DOCTRINE OF SUBROGATION: EVOLUTION AND APLICATION IN THE CONTRACT OF INSURANCE IN INDIA (By- Amala I. M)
DOCTRINE OF SUBROGATION: EVOLUTION
AND APLICATION IN THE CONTRACT OF INSURANCE IN INDIA
Authored By- Amala I. M
Government Law College, Ernakulam.
Abstract
The term subrogation literally means
‘to substitute one person in the place of another’. This is an equitable
doctrine as it is recognised by the equity courts based on the principle of
justice, equity and good conscience. This Article mainly deals with two parts.
The first part deals with the historical evolution of the equitable doctrine of
subrogation under the chancellorship of Lord Hardwicke and its acceptance in
common law courts. The second part is regarding the statutory recognition of
this doctrine in India and its application in the contract of indemnity
insurance. The right of subrogation is mainly recognised in debtor-creditor
relationship and the contract of insurance whereby the rights are transferred
from the principal obligor to the subrogee, on payment of the loss suffered or
discharge of the debts, as the case may be. The rights of subrogation is
applicable to all indemnity insurance but, it does not allow the insured to
gain from the loss caused.
Key words:
Subrogation, Hardwicke, Equity, Randal, Indemnity insurance
Introduction
This topic is a study on the
historical evolution of the equitable doctrine of subrogation in the court of
equity, its application in the common law courts, the French influence on the
doctrine and the contemporary changes in the equitable doctrine through
statutory recognitions namely, in the area of insurance.

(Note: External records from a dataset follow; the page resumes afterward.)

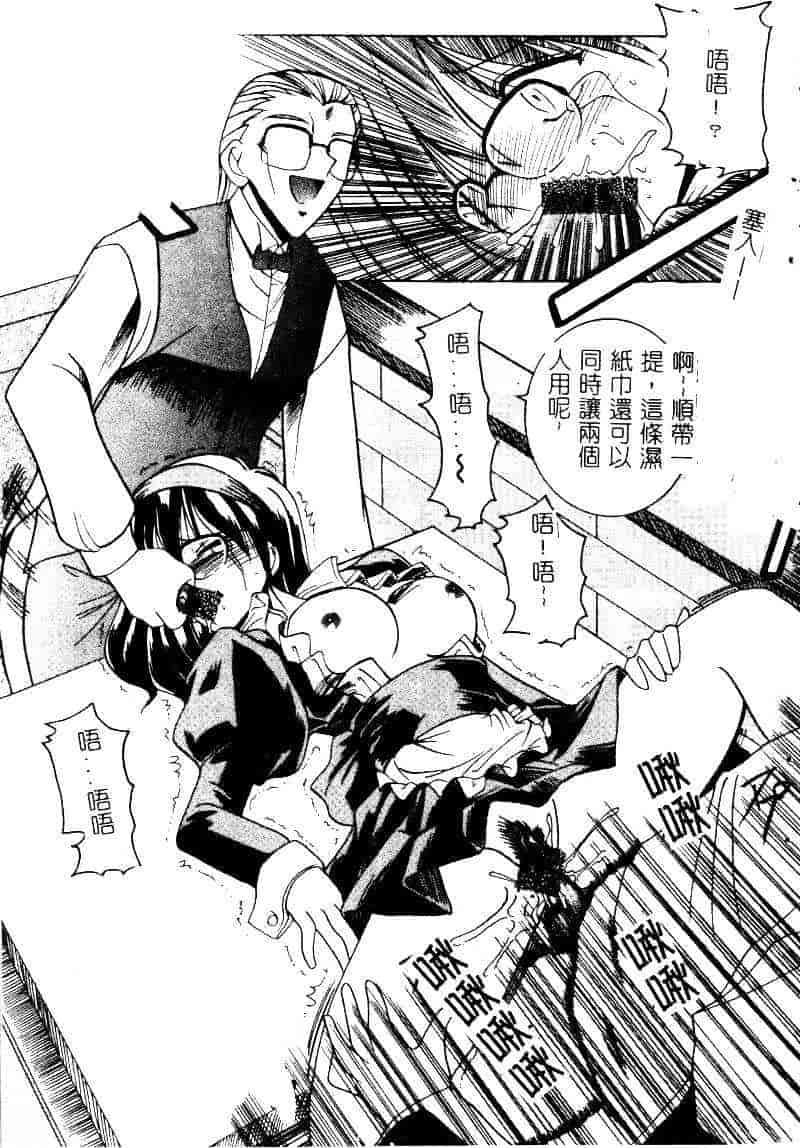 汉化版-[水野猛之] 眼鏡を犯して_第4集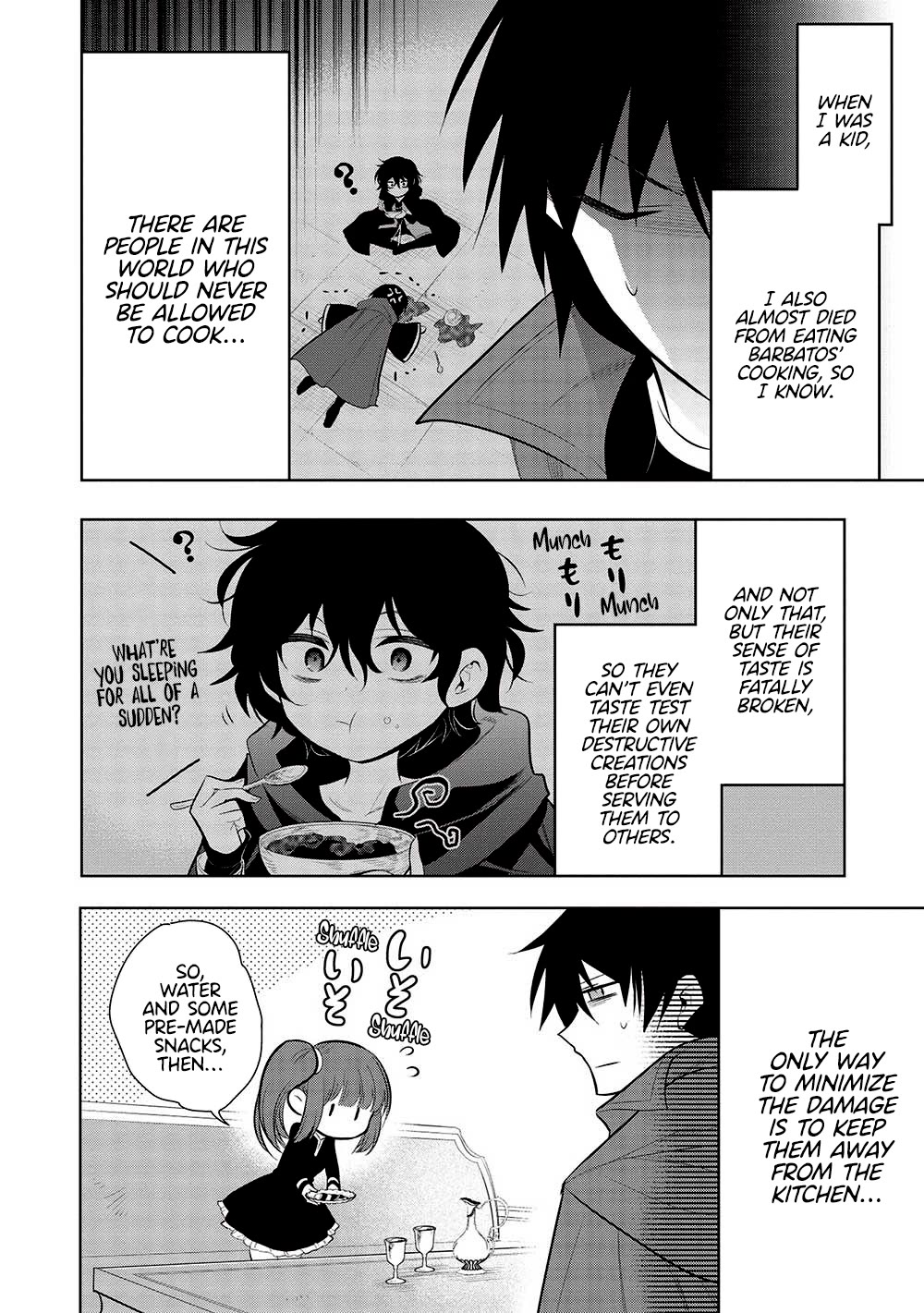 Maou no Ore ga Dorei Elf wo Yome ni Shitanda ga, Dou Medereba Ii? Chapter 58 page 8 - Chapter 58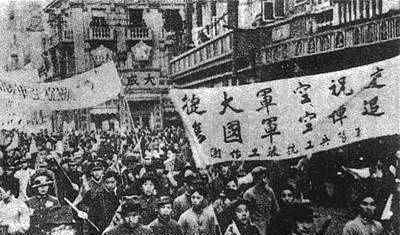 武汉市民庆??站魍巳栈? alt=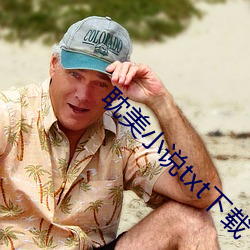 耽美小说txt下载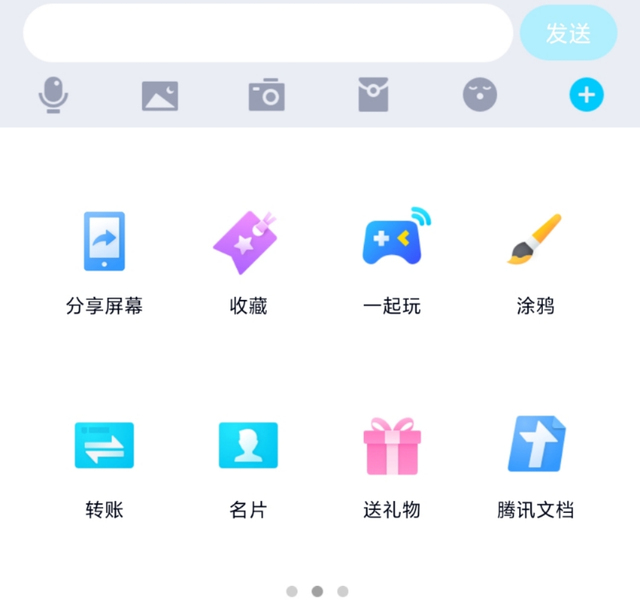 手机qq怎么设置隐身对其可见，手机QQ如何设置隐身可见（QQ依然是中国第二大APP）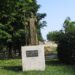 Видинчани искат града си в Закона за великите стари столици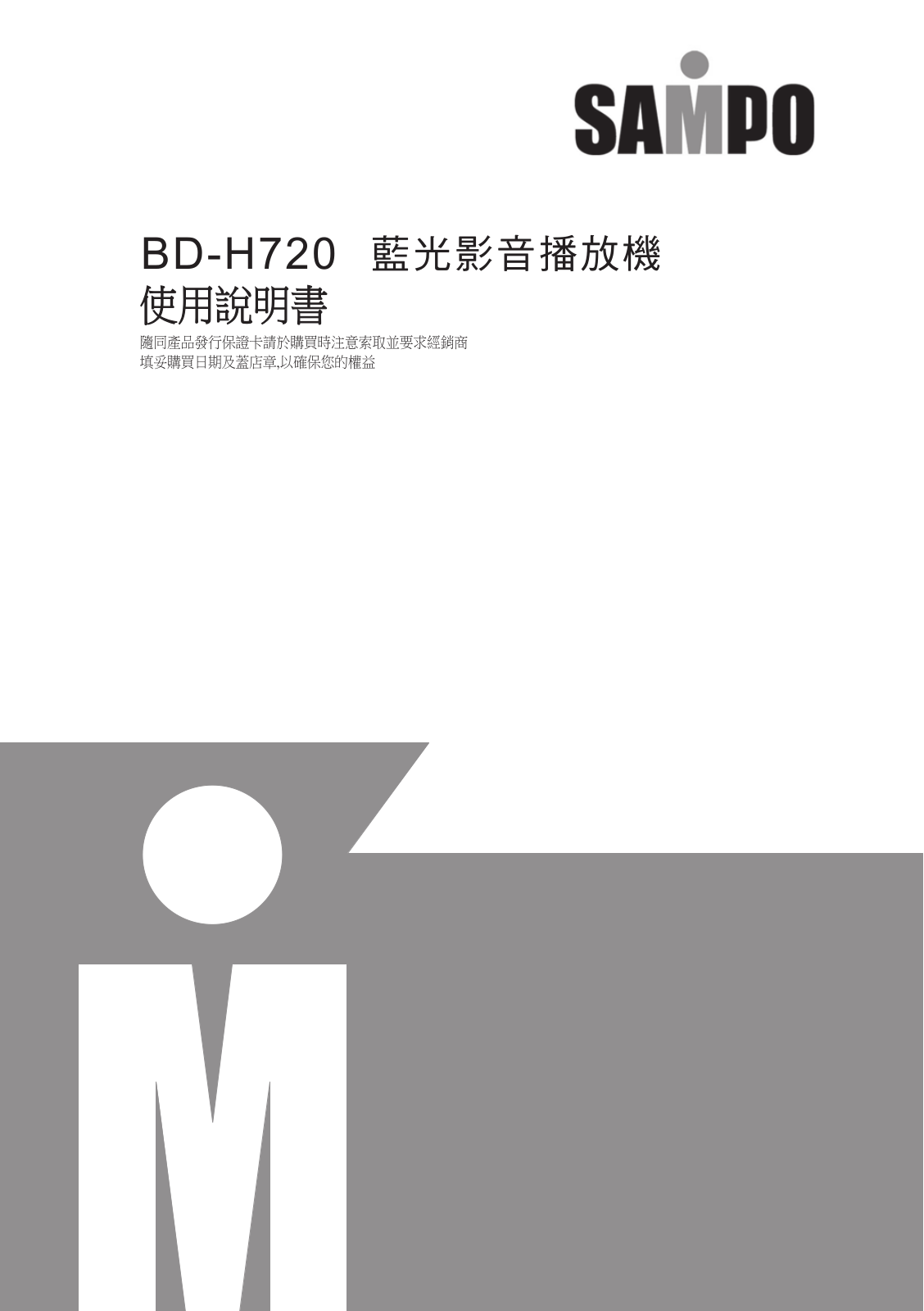 SAMPO BD-H720 User Manual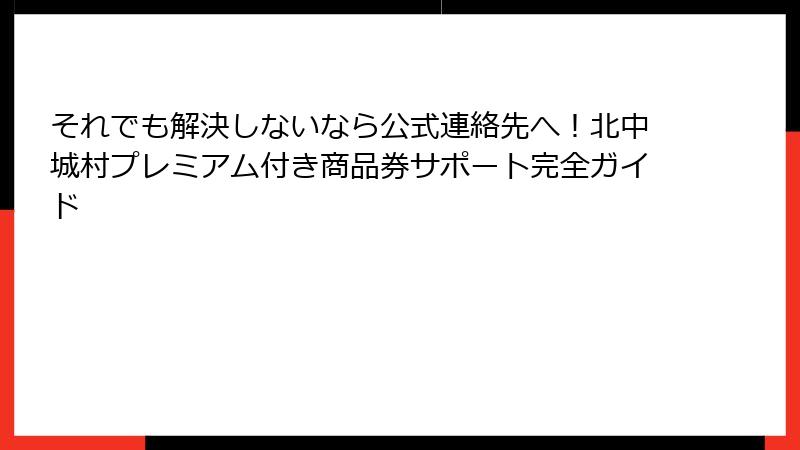 それでも解決しないなら公式連絡先へ！北中城村プレミアム付き商品券サポート完全ガイド
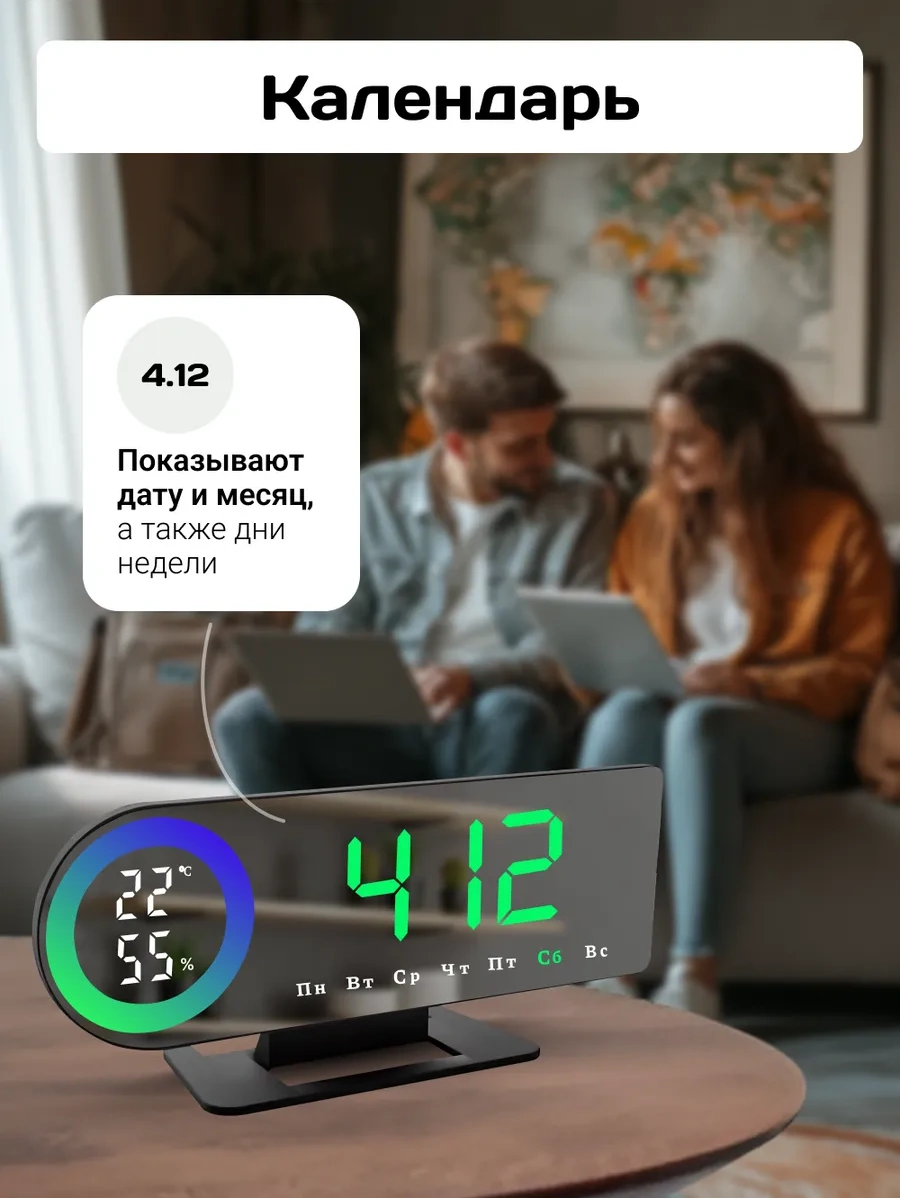 Artclock Güçlü Elektronik Masaüstü Alarm Saatı Aydınlatmalı 295772928 Siyah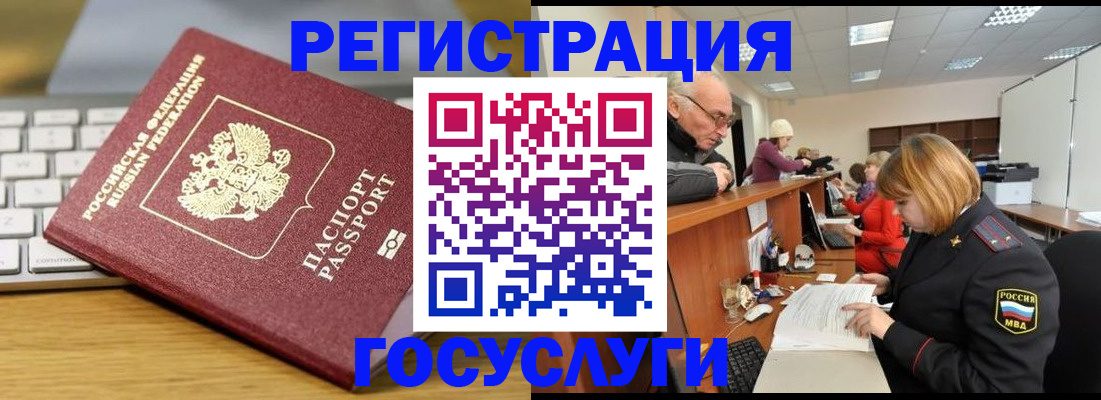 форма 3 в Змеиногорске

Equity is the system of justice which
was administered by the High Court of Chancery set up with the chancellors.
Equity Courts has been adopted as a result of the inadequacies in common law
courts. The equity courts decide cases based on the principle of equity,
justice and good conscience and thereby developed new remedies to compensate
the plaintiff.
The equitable doctrine of subrogation
is one such remedy that was evolved in the High Court of Chancery in England.
Doctrine Of Subrogation
Subrogation is a Roman word which
means to put one person in the place of another or to substitute someone for
another with regard to a legal right or claim. The theoretical justification
for the equitable doctrine of subrogation was evolved under the chancellorship
of Lord Hardwicke in the case Randal v.
Cockran[1]
decided in the High Court of Chancery. Thus, Hardwicke is recognized as the founder
of this doctrine. The word subrogation was taken from the French law and its
origin is traced back to the Roman civil doctrine ‘cessio actionum’. Rights of subrogation can arise in two different
ways[2]-
either ipso jure i.e., by operation of law, or by express agreement as a part
of the contract. Contract of insurance is the common domain wherein the rights
of subrogation are applied. Subrogation as a matter of law is an equitable
doctrine and brings in a broader term ‘unjust enrichment’. The doctrine of
subrogation is most relevant in the contract of insurance and sureties. In each
case, the basic theory is that where one person makes a payment on an
obligation which, in law, is the primary responsibility of another party, the
person making the payment is subrogated to the claims of the person to whom
they made the payment which are now actionable against the primary obligor.
History Of The Doctrine
The historical evolution of
subrogation was examined under the chancellorship of Lord Hardwicke in the decision
of Randal v. Cockran in the first
half of the eighteenth century. This landmark case has marked the recognition
of the doctrine with equity. Hardwicke in this case has suggested a theoretical
basis to the doctrine and justified the role of equity in the area of
contribution. Randal V. Cockran was
preferred for appeal in the High Court of Chancery from the Court of Boston and
decided on 17 June 1748. The case arose out of a decree by King George II
allowing compensation to be paid to those affected during war with Spain. The
facts of the case is that A ship which was insured from London to Carolina was
taken by a Spaniard, and later on it was retaken by an English Privateer to
Boston during the wartime. The ship was condemned and sold as no person was
ready to give security for the ship. The recaptors took their moiety from the
sale proceeds and the residue remained in the Court of Admiralty at Boston. The
respondent insurer brought an action at law on insurance policy for its
recovery. Subsequently plaintiff filed an injunction that the defendant ought
to have recovered not more than the share of their loss. The court refused the
injunction on the ground that defendant had offered to rescue the disabled ship
from loss and hence entitled to recover the whole money insured. An insurer who
has fully indemnified an insured against a loss covered by a contract of
insurance, may enforce in the insurer’s own name, any right of recourse
available to the insured.[3]
Acceptance Of Randal In Common Law Courts
The basis advanced by Lord Hardwicke
in Randal was readily accepted by common law courts. Several cases illustrate
the application of the equitable doctrine of subrogation in the common law
courts. In Mason v. Sainsbury[4],
the insured claimed for compensation against the insurance company and local
district administrative authority as his house was wrecked by the civil
rioters. The insurers paid their claim and were held entitled to recover from
the district authority in the name of the insured. Here, Lord Mansfield stated
that “Every day the insurer is put in the place of the assured[5]...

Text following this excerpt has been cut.